▸ Task statement:
Print the records below exactly as they appear.

▸ Entries shown:
* * * * * * * * *

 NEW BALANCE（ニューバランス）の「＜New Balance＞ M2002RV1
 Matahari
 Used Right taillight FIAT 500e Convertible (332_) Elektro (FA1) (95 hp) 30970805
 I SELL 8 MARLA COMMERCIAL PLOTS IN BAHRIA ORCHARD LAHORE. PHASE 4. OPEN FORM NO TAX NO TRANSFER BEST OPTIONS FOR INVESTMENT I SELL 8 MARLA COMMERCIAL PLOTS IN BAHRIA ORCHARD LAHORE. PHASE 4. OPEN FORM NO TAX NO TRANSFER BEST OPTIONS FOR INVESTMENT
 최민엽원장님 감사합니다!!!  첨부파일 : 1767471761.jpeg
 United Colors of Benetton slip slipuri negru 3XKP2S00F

* * * * * * * * *

▸ Written solution:
 NEW BALANCE（ニューバランス）の「＜New Balance＞ M2002RV1
 Matahari
 Used Right taillight FIAT 500e Convertible (332_) Elektro (FA1) (95 hp) 30970805
 I SELL 8 MARLA COMMERCIAL PLOTS IN BAHRIA ORCHARD LAHORE. PHASE 4. OPEN FORM NO TAX NO TRANSFER BEST OPTIONS FOR INVESTMENT I SELL 8 MARLA COMMERCIAL PLOTS IN BAHRIA ORCHARD LAHORE. PHASE 4. OPEN FORM NO TAX NO TRANSFER BEST OPTIONS FOR INVESTMENT
 최민엽원장님 감사합니다!!!  첨부파일 : 1767471761.jpeg
 United Colors of Benetton slip slipuri negru 3XKP2S00F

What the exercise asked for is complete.